Auf den Duft aufmerksam wurde ich durch einen Podcast, bei dem erwähnt wurde, dass ‚L’Heure Perdue‘ ohne einen einzigen natürlichen Inhaltsstoff auskommt. Das fand ich vor dem Hintergrund der eher konservativen Ausrichtung der Traditionsmarke Cartier sowie der Könnerschaft seiner Parfümeurin konzeptionell sehr spannend. Konsequenterweise wollte Mathilde Laurent ihn daher auch ‚L’Heure Chimique‘ nennen, was im Unternehmen aber auf wenig Gegenliebe stieß (andere Vorschläge waren ‚L’Heure Moléculaire’ und ‚L’Heure Abstraite‘). Wie bei ‚Synthetic Jungle‘ bzw. ‚Synthetic Nature’ von Frédéric Malle gesehen, muss das der Beliebtheit eines Duftes jedoch nicht abträglich sein.
Duftcharakterisierung:
Mit Malle bin ich auch bei der aus meiner Sicht entscheidenden Verbindung zu diesem Duft, denn für mich riecht ‚L’Heure Perdue‘ nach einem aller Süße beraubten ‚Dries van Noten par Frédéric Malle‘. Jener ist u.a. inspiriert vom Geruch flämischer Süßspeisen wie Waffeln und Spekulatius. Hefig, buttrig und ordentlich gesüßt. Der unsüße, hefeähnliche Teileindruck wird dabei durch das Molekül ‚Sulfurol‘ hervorgerufen, welches dort meinem Empfinden nach prominent eingesetzt ist (die Internetseite des französischen Magazins Le Nez führt es allerdings als sehr gering dosiert an, wobei ihm eine „extreme“ Stärke attestiert wird, was meinen Eindruck nachvollziehbar erscheinen lässt). Beschrieben wird es meist als Mischung aus fleischig (im Sinne von „hautähnlich“), brotig, geröstet, metallisch, zart ölig-ranzig und nussig (thegoodsenctscompany). Mich erinnert es an den Geruch von hart gebackenem Salzteig, mit dem ich als Kind Figuren hergestellt habe. Im Prinzip einem Hefeteig mit viel Salz, der keinerlei Flüssigkeit mehr besitzt. Ein sehr eigener, aparter Ton, der unparfümig, ja fast körpereigen wirkt. Letzteren Effekt räumt Laurent in einem Interview denn auch als ihre Hauptintention für diesen Duft ein und bestätigt den überdosierten Einsatz von ‚Sacrasol‘ (eine andere Bezeichnung für ‚Sulfurol‘ (auparfum.bynez).
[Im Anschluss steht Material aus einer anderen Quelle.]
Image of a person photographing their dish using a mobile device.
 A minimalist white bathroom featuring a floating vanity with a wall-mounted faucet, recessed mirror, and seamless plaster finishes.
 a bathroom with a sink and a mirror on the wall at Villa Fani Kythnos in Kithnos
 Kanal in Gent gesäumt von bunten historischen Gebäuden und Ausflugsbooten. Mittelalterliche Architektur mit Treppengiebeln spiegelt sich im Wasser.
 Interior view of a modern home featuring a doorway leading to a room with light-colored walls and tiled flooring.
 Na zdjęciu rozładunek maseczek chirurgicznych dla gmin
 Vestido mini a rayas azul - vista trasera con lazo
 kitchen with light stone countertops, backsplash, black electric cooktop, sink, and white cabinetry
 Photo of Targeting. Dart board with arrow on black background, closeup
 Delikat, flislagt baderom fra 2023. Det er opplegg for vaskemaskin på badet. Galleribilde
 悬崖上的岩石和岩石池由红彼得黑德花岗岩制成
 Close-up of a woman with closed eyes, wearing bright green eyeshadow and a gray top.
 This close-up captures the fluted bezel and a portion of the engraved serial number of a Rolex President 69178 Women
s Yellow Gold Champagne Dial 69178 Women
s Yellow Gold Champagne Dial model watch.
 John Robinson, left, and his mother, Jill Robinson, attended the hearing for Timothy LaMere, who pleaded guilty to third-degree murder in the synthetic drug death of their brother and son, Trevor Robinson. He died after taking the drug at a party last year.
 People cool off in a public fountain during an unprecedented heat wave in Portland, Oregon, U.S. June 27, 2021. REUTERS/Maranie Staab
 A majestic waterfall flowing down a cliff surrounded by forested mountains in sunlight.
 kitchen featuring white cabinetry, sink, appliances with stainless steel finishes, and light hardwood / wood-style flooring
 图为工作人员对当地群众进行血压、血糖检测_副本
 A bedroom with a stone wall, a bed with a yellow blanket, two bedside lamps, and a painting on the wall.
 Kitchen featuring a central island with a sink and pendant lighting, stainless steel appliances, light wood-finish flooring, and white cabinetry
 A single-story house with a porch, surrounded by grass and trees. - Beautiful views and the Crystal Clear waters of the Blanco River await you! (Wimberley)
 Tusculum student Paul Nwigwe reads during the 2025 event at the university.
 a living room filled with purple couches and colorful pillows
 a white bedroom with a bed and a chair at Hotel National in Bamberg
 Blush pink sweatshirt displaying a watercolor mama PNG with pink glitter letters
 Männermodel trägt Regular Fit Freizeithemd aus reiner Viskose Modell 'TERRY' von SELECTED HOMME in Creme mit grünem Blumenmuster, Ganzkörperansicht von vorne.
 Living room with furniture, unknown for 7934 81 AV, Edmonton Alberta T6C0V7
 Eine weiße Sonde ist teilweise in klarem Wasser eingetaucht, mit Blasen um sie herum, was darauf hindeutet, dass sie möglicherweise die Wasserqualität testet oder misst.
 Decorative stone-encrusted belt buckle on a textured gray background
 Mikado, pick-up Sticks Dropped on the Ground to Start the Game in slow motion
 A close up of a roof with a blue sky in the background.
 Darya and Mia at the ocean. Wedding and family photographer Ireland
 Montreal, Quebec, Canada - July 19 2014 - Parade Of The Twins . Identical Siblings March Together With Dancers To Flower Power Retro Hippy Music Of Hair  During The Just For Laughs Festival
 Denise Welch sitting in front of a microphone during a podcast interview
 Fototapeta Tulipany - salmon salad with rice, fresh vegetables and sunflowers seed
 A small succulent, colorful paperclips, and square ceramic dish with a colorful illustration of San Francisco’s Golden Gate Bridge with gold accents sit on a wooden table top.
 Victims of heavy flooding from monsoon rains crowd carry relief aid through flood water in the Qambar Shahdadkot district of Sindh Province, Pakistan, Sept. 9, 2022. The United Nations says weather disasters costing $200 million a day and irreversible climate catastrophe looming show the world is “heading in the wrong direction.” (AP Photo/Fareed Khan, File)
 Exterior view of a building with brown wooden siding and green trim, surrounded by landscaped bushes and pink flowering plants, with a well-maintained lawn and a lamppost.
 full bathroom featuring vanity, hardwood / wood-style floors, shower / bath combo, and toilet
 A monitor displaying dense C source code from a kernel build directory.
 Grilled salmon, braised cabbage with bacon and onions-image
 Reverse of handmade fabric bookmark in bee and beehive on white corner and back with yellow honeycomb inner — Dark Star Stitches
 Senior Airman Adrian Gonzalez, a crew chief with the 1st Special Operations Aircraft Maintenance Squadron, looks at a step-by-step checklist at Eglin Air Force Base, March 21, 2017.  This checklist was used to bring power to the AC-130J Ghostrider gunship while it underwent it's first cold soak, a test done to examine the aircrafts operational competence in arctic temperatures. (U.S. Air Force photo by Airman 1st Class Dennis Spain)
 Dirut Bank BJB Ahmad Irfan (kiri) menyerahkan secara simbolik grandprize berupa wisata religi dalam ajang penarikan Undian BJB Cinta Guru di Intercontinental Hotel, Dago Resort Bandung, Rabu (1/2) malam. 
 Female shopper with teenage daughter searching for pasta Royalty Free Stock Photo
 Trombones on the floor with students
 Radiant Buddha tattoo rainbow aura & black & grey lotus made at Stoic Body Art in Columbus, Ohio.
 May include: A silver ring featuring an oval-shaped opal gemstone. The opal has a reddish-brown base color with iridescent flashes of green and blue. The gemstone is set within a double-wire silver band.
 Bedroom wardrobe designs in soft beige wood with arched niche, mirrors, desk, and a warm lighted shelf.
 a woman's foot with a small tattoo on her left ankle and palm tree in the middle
Dieses Molekül beherrscht für mich diesen Duft. Ihm fast gleichwertig zur Seite gestellt sind aus meiner Sicht Aldehyde, die einen zusätzlich sauberen, seifig-metallischen Eindruck beisteuern, der im Verlauf auf meiner Haut sogar überwiegt. Dabei ist die Tonalität nicht so ausgeprägt wie in klassischen Aldehyddüften, sondern etwas niedriger frequent, allerdings ähnlich stechend. Die Geruchsprofile der beiden Moleküle überschneiden sich dabei in ihren leicht säuerlichen („ranzig“ wäre übertrieben), metallischen und artifiziellen Aspekten. In Kombination erweckt das auf meiner Haut den Eindruck eines Kernseifengeruchs: grobkörnig-metallisch-seifig mit einer zarten Würze (salzig-hefig). Hinzu kommen für mich Facetten diffusen Moschus’, welcher eine Nuance Weichheit und Wärme verleiht, zarter Holzigkeit (ISO-E-Super-ähnlich), minimaler Trockenwürzigkeit (wie grüner Kardamom) und ganz unterschwelliger Floralität (rückgemeldet wurde mir Rose, von deren Profil einzelne Moleküle auch in der Formel enthalten sind, s.u.).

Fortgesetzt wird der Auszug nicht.